Most AI agent bugs aren't code bugs — they're language bugs. Vague tool descriptions make agents pick the wrong tool. Missing constraints cause infinite loops. Schema mismatches break structured output. lintlang catches these at authoring time, in CI, with zero LLM calls.

Install

pip install lintlang

Requires Python 3.10+. One dependency (pyyaml). No API keys, no network access, no LLM calls.

Quick Start

# Scan a single file
lintlang scan agent_config.yaml

# Scan a directory (finds .yaml, .json, .txt, .md, .prompt)
lintlang scan configs/

# JSON output for CI
lintlang scan config.yaml --format json

# Fail CI on CRITICAL/HIGH findings
lintlang scan config.yaml --fail-on fail

# Fail CI on any MEDIUM+ findings
lintlang scan config.yaml --fail-on review

Example Output

  LINTLANG v0.2.0
  bad_tool_descriptions.yaml
  ──────────────────────────────────────────────────

  ❌ FAIL — 1 CRITICAL, 2 HIGH, 6 MEDIUM, 3 LOW

  H1: Tool Description Ambiguity

    !! [CRITICAL] tool:process_ticket
      Tool 'process_ticket' has no description.
      → Add a specific description explaining WHEN to use this tool.

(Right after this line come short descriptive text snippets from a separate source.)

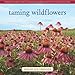 Taming Wildflowers: Bringing the Beauty and Splendor of Nature's Blooms into Your Own Backyard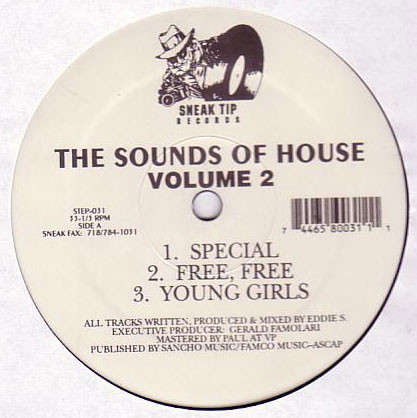 Eddie S. - The Sounds Of House Volume 2 | Sneak Tip Records (STEP-031) - 2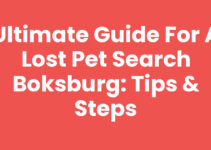 Ultimate Guide for a Lost Pet Search Boksburg: Tips & Steps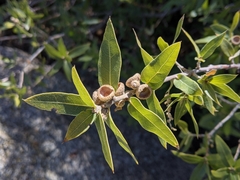Quercus peninsularis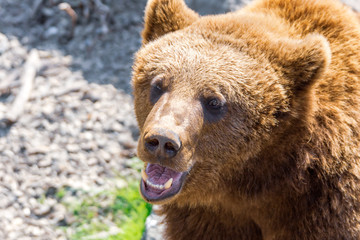 Obraz premium Closeup animal portrait of a Brown bear/ursus arctos outdoors in the wilderness. Wildlife and predator concept.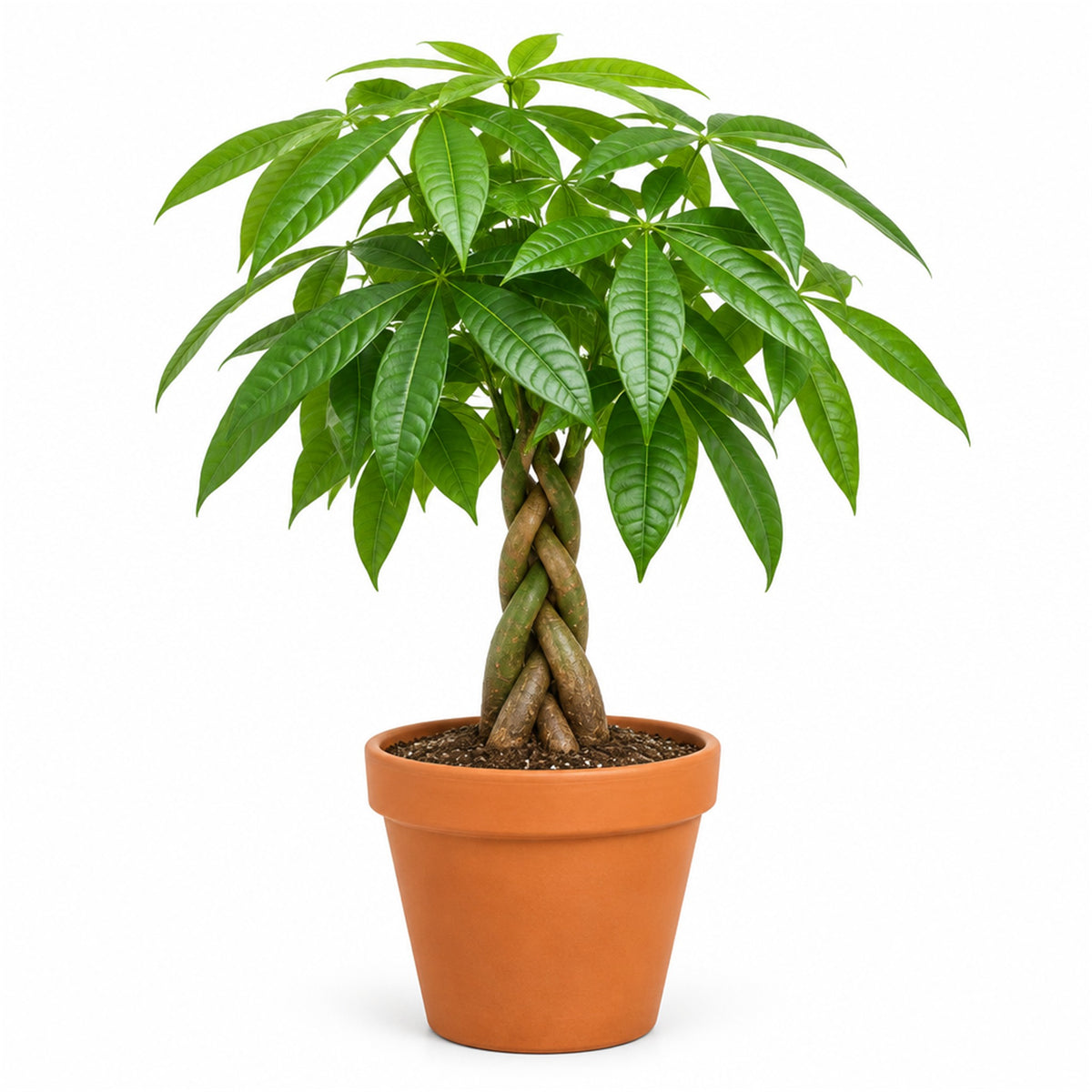 Braided money tree in a 6 inch terracotta pot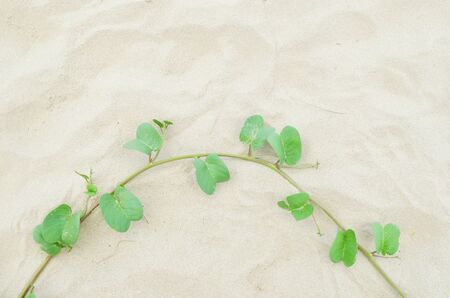 plant and leaf on the sandの写真素材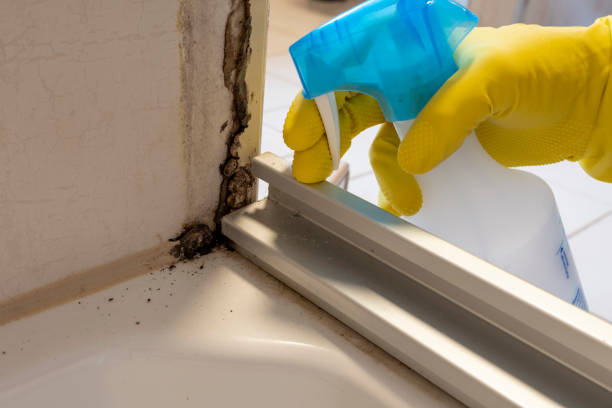 Best Mold Remediation  in Chesaning, MI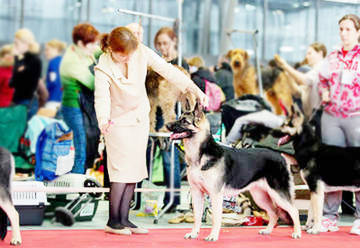 http://upforme.ru/uploads/0019/ff/e3/2/t76743.jpg
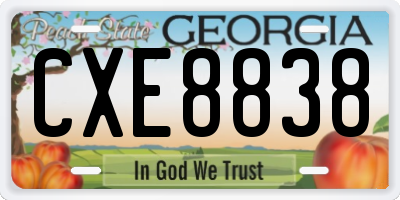 GA license plate CXE8838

    ! [HIGH] tool:get_user_info
      Tool 'get_user_info' has a very short description (13 chars)
      → Expand to include purpose, when to use, expected input/output.

    ~ [MEDIUM] tool:handle_request
      Tool 'handle_request' starts with vague verb 'handle'.
      → Replace with a specific action verb.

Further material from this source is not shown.